[Records excerpted from a collection]
+++
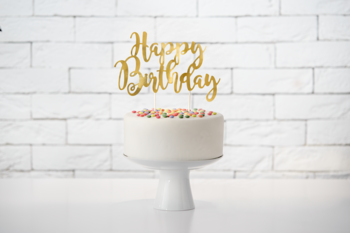 Złoty lustrzany topper na tort 'Happy Birthday', 22.5 cm, na białym torcie z posypką, widok z przodu.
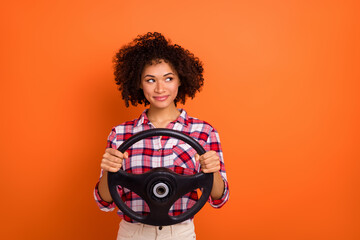 Portrait of attractive trendy cheerful girl holding steering wheel copy blank space ad isolated over bright orange color background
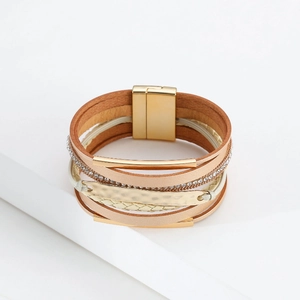 Détail d'un bracelet bohème multicouche en cuir avec fermoir magnétique doré et strass
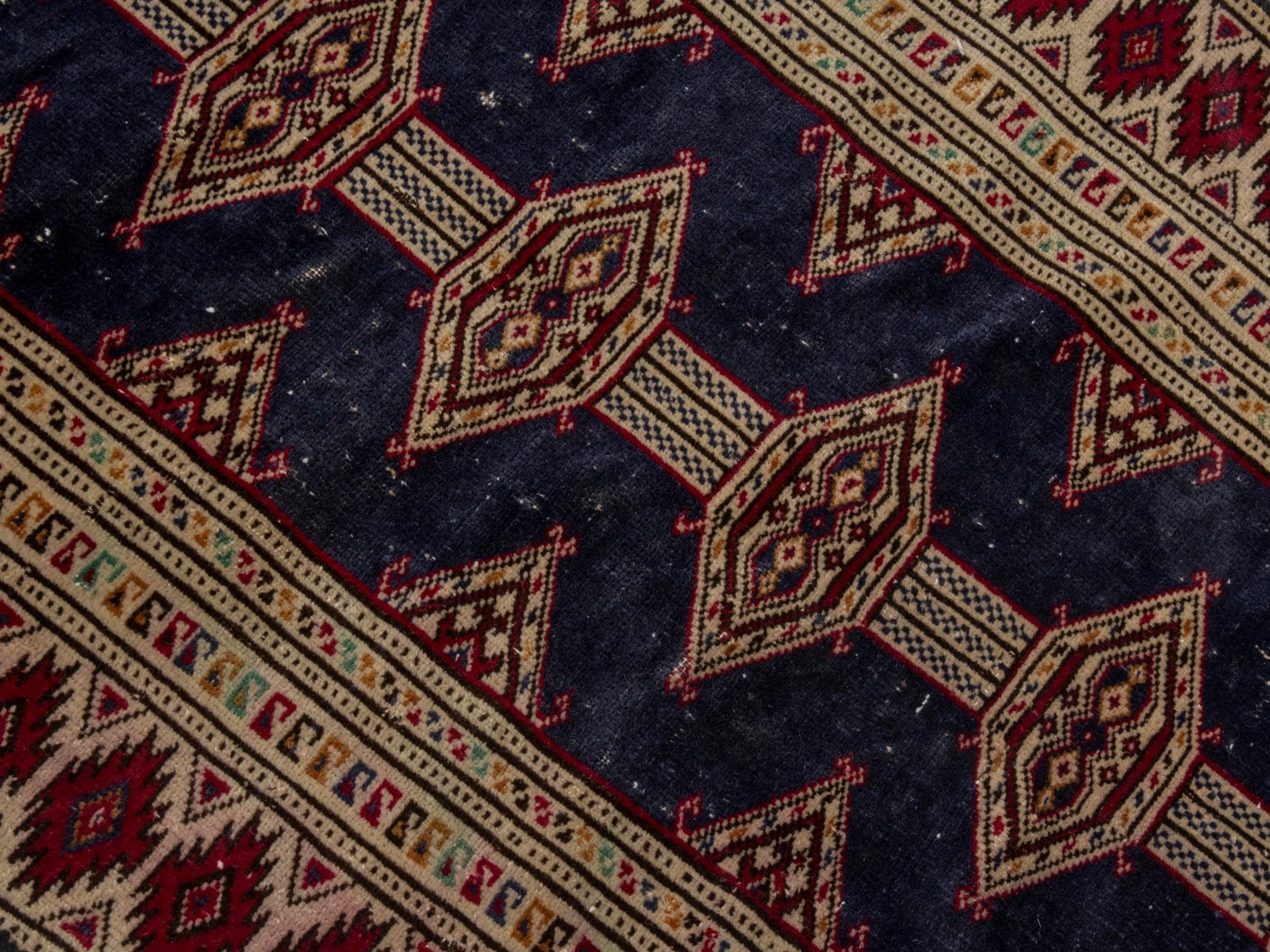 Persian Torkaman accent rug in navy and burgundy, view 4 of 17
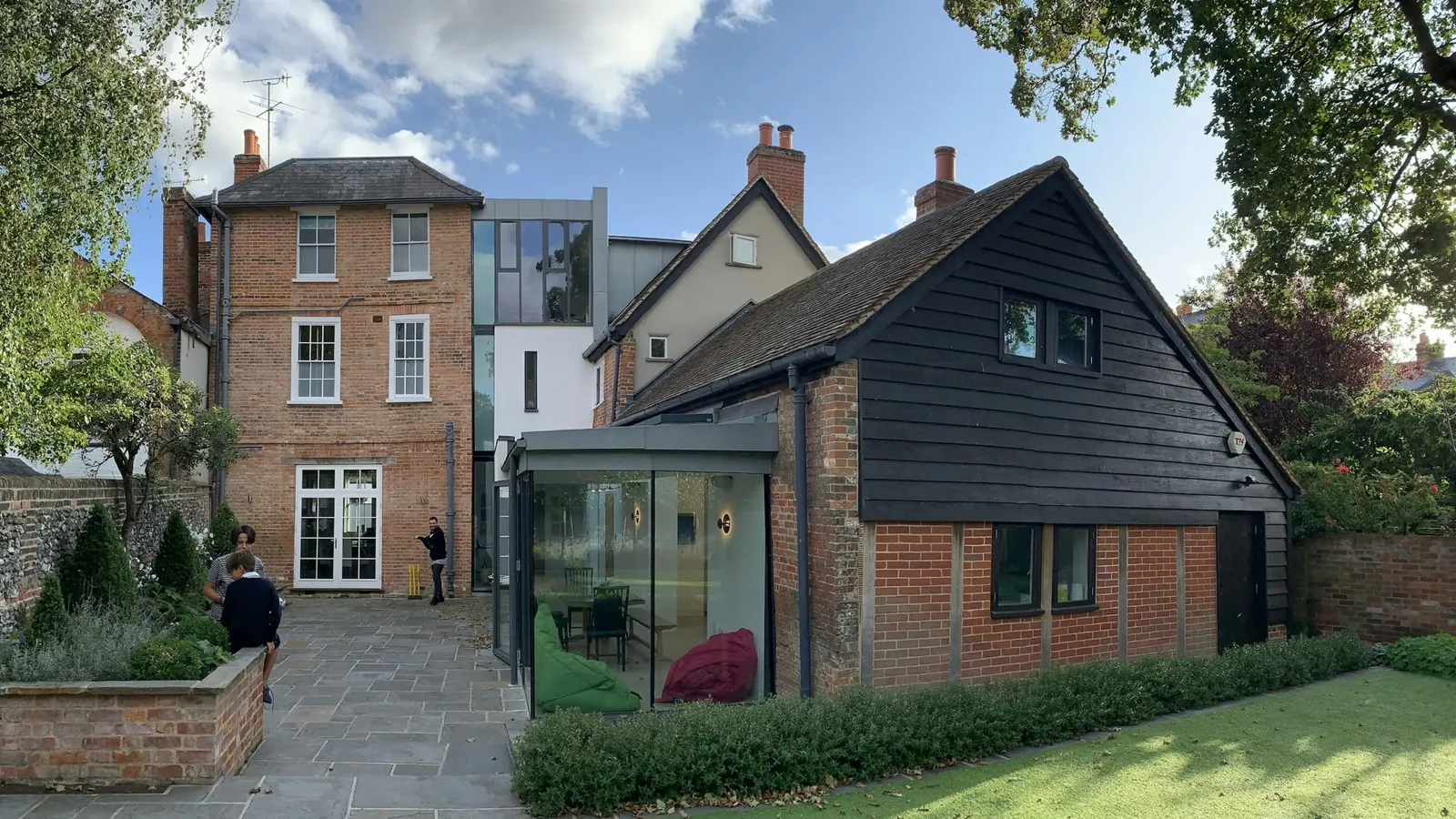 Modern timber-clad garden extension beside a red-brick English house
+++
▶ [Assignment]
The entries above are to be retyped exactly, with each picture left out.

▶ [Answer space]
 Złoty lustrzany topper na tort 'Happy Birthday', 22.5 cm, na białym torcie z posypką, widok z przodu.
 Portrait of attractive trendy cheerful girl holding steering wheel copy blank space ad isolated over bright orange color background
 Détail d'un bracelet bohème multicouche en cuir avec fermoir magnétique doré et strass
 Persian Torkaman accent rug in navy and burgundy, view 4 of 17
 Modern timber-clad garden extension beside a red-brick English house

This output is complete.